- Exercise directions
Here is the task for the listing below: output exactly the lines from the one containing "Antiker antiker Lavar" through the one containing "VEVOR Modular Kids", and leave out the pictures.

- Entries supplied
● ● ● ●
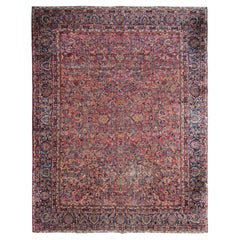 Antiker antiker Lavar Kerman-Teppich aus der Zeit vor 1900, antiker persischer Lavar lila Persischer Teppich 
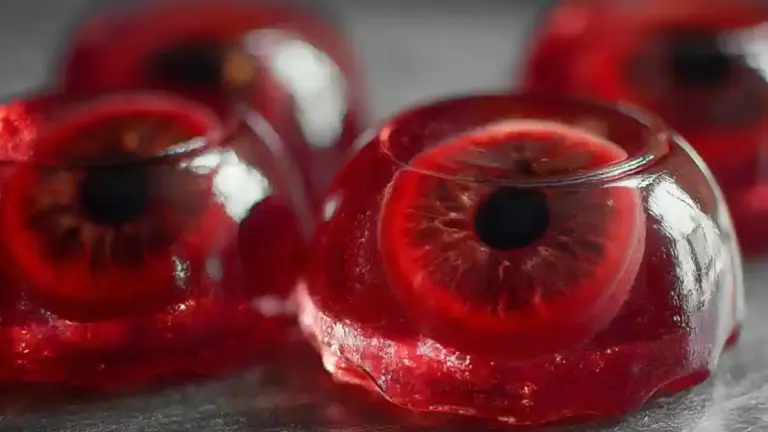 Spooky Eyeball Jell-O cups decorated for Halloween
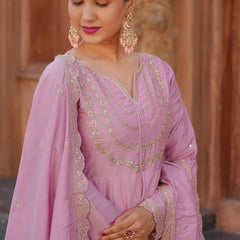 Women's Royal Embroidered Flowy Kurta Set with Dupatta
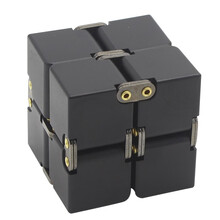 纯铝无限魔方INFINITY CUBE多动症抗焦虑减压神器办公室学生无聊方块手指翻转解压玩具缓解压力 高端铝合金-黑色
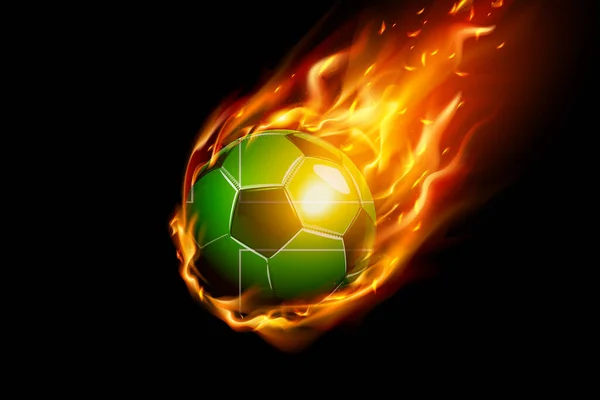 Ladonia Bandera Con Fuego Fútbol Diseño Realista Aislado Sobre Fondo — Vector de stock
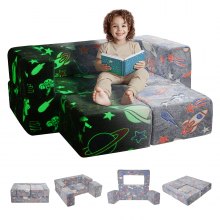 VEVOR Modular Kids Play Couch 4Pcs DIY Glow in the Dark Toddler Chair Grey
● ● ● ●
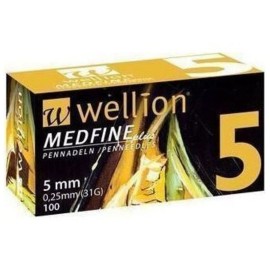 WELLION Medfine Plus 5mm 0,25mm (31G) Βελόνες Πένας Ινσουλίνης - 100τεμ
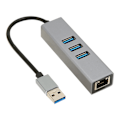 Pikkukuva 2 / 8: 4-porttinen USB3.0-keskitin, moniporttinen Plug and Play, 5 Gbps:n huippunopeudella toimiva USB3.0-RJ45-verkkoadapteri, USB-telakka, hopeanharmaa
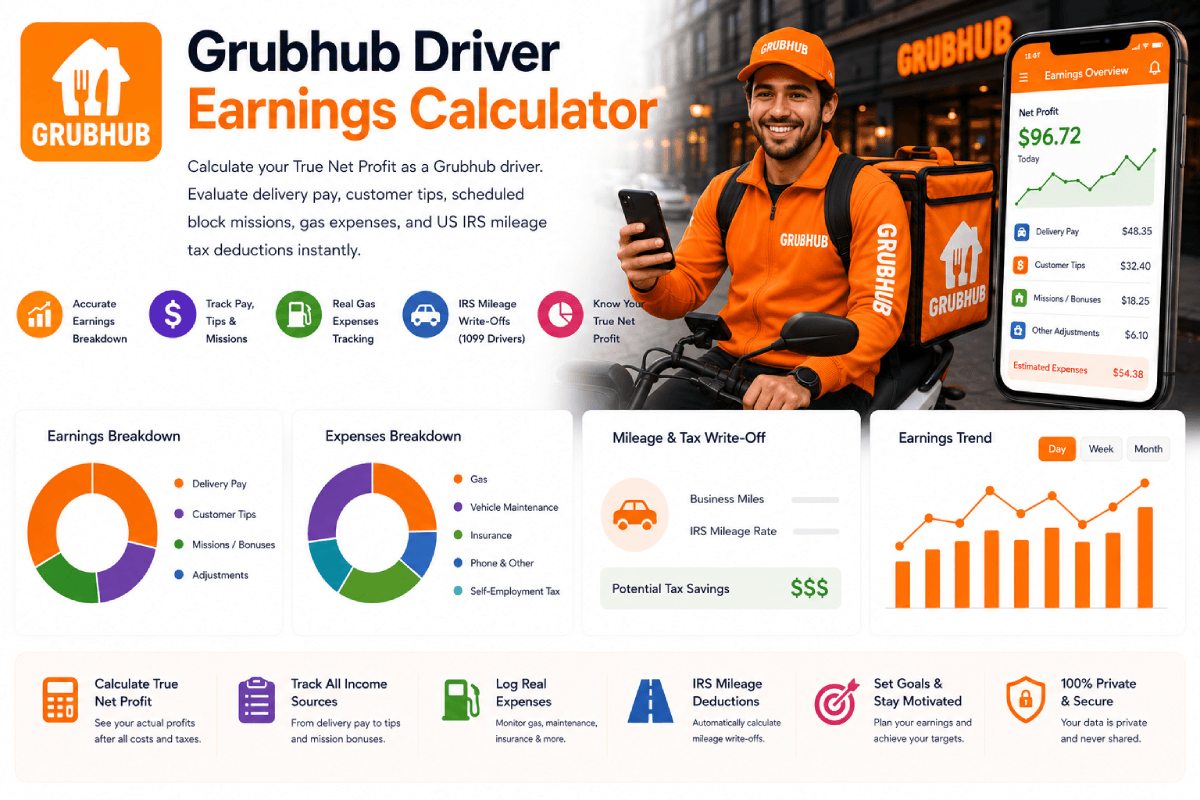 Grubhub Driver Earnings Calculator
● ● ● ●
- Answer to the problem
 Antiker antiker Lavar Kerman-Teppich aus der Zeit vor 1900, antiker persischer Lavar lila Persischer Teppich 
 Spooky Eyeball Jell-O cups decorated for Halloween
 Women's Royal Embroidered Flowy Kurta Set with Dupatta
 纯铝无限魔方INFINITY CUBE多动症抗焦虑减压神器办公室学生无聊方块手指翻转解压玩具缓解压力 高端铝合金-黑色
 Ladonia Bandera Con Fuego Fútbol Diseño Realista Aislado Sobre Fondo — Vector de stock
 VEVOR Modular Kids Play Couch 4Pcs DIY Glow in the Dark Toddler Chair Grey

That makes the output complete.